Shields Up: Edging Back Into Social Media

For years I’ve dabbled in various social media platforms… but I’ve always been wary. That’s because, as a computer programmer, I’ve been keenly aware since day one of the risks involved in trusting my fellow programmers.

If you met enough programmers in person, I bet you wouldn’t automatically trust them either. Not to say they are bad people. But you’d never risk exposing your potentially very vulnerable self to them — not until they had thoroughly earned your trust.

The key word in that last sentence is “vulnerable.” On social media, it’s imperative that we protect our hearts and minds. For some, e.g., my husband of 47 years, doing this is instinctive and thus they aren’t at risk. But I’m not among them, and I know I’m far from alone.

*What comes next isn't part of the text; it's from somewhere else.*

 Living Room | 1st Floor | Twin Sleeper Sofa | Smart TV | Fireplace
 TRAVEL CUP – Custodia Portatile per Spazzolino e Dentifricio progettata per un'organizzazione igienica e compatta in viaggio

With eyes wide open, two weeks ago I went back into social media for the first time in five years. That’s because I feel the call to be an “upstander” — “to communicate online with compassion, consume news with compassion and click with compassion.”

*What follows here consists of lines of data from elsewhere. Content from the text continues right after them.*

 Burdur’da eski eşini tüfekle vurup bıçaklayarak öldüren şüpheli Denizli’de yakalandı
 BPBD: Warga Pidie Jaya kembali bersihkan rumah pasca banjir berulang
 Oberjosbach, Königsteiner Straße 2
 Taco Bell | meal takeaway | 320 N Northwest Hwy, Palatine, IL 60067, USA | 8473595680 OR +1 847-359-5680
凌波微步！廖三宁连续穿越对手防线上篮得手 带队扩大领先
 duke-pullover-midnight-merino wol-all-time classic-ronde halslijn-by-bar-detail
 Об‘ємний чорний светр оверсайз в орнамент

To pull this off I have two simple strategies. I need simple. Otherwise I’ll forget.

1. Don Mental Armor

When signing on, it’s time to get my “shields up” — to protect that vulnerable self, to channel my inner captain.

2. Watch My Attitude

If I can go lightly (i.e., with a light heart), it’s full blaze ahead. This means not taking either myself or the petabytes of messages too seriously.

As soon as I feel heaviness, it’s time to back off — way off. If that heaviness persists over time, it’s time to deactivate. Life is too short to shoulder such burdens. There are other vastly safer ways to connect.

Caveat

I hope this might be helpful to some of you, particularly those who have been terribly hurt by social media. That said, this is just my approach. Take it lightly.